> The task
Search the data for "Guide". Return each matching line.

> Dataset extract
━━━

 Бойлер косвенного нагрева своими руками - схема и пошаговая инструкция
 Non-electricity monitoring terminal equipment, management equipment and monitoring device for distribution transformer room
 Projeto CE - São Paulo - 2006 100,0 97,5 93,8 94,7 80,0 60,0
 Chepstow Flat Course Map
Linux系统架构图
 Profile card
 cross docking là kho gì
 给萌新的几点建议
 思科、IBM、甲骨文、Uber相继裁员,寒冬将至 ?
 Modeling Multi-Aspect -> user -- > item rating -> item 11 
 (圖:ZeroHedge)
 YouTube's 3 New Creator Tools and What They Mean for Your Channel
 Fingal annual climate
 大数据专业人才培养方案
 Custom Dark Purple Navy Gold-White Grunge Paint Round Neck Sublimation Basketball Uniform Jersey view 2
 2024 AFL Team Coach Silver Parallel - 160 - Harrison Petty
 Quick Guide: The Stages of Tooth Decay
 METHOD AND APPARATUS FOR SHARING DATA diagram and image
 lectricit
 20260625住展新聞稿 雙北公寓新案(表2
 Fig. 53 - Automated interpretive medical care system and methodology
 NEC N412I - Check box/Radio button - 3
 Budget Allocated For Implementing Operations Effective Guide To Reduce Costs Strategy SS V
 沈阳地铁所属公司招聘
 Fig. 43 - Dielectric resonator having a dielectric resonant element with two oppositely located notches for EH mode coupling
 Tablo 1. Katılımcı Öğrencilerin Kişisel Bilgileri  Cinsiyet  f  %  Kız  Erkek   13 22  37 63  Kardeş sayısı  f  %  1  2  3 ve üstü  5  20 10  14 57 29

━━━

> Answer space
 Quick Guide: The Stages of Tooth Decay
 Budget Allocated For Implementing Operations Effective Guide To Reduce Costs Strategy SS V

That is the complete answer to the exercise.